Las respuestas no son sencillas, pero pueden encontrarse en interés de todos los afectados.

De hecho, si los mercados mundiales están hoy tan desequilibrados, es porque la desigualdad se ha vuelto demasiado importante.

Se ha vuelto demasiado barato producir en algunos países del Sur. Los trabajadores estadounidenses -o europeos- nunca podrán competir con Bangladesh o Vietnam, a menos que acepten su propio empobrecimiento.

Preguntas para las fuerzas progresistas

La conmoción mundial provocada por los aranceles de Trump tiene otra dolorosa consecuencia.

Muchas fuerzas progresistas y de izquierda han luchado en el pasado contra los acuerdos de libre comercio.

El movimiento alterglobalista comenzó con la Batalla de Seattle contra la OMC. Muchos grupos de Europa Occidental estuvieron o siguen estando activos contra el TTIP (fue abandonado por EE.UU.), CETA (Europa-Canadá) o Mercosur.

Sin duda tienen muy buenos argumentos para condenar estos acuerdos e instituciones. La pregunta es si estaremos mejor sin ellos. En México se ve ahora a estos mismos grupos defender su T-MEC porque, en efecto, ¡ayudó a la industrialización y al desarrollo del país!

Lo que significa es lo que se ha explicado en la sección anterior.

Hay que criticar duramente muchos de estos acuerdos porque no son mutuamente beneficiosos, pero el propio acuerdo podría haberlo sido.

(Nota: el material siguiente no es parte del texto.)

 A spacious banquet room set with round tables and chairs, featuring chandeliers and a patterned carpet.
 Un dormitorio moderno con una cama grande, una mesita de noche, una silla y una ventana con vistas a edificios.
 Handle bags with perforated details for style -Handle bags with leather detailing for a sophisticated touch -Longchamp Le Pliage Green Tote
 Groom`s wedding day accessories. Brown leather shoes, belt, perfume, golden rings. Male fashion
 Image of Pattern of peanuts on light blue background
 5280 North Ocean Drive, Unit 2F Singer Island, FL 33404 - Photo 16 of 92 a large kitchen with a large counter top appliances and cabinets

En cuanto a la OMC, su sustitución por todo un plato de espaguetis de acuerdos bilaterales ciertamente no era beneficioso para la población.

Lo mismo cabe decir del movimiento ecologista y de quienes predican el decrecimiento.

Existe un riesgo real de que este freno global al comercio mundial provoque una recesión.

¿Estarán contentos los grupos de decrecimiento? No lo creo, una vez más, porque su decrecimiento significa mucho más que un crecimiento negativo.

Pero es de esperar que lleve a una profunda reflexión sobre qué nombre dar a lo que realmente quieren. La palabra decrecimiento significa lo que dice, no crecimiento. Si esto sucede y conduce a más pobreza y más desigualdad, y si los movimientos siguen reclamando el decrecimiento, su credibilidad sufrirá un duro golpe.

En resumen, debería ser una "alterglobalización", no una antiglobalización. El FMI parece seguir ahora a Trump y se arriesga, una vez más, a conducir a la población mundial hacia más pobreza y miseria.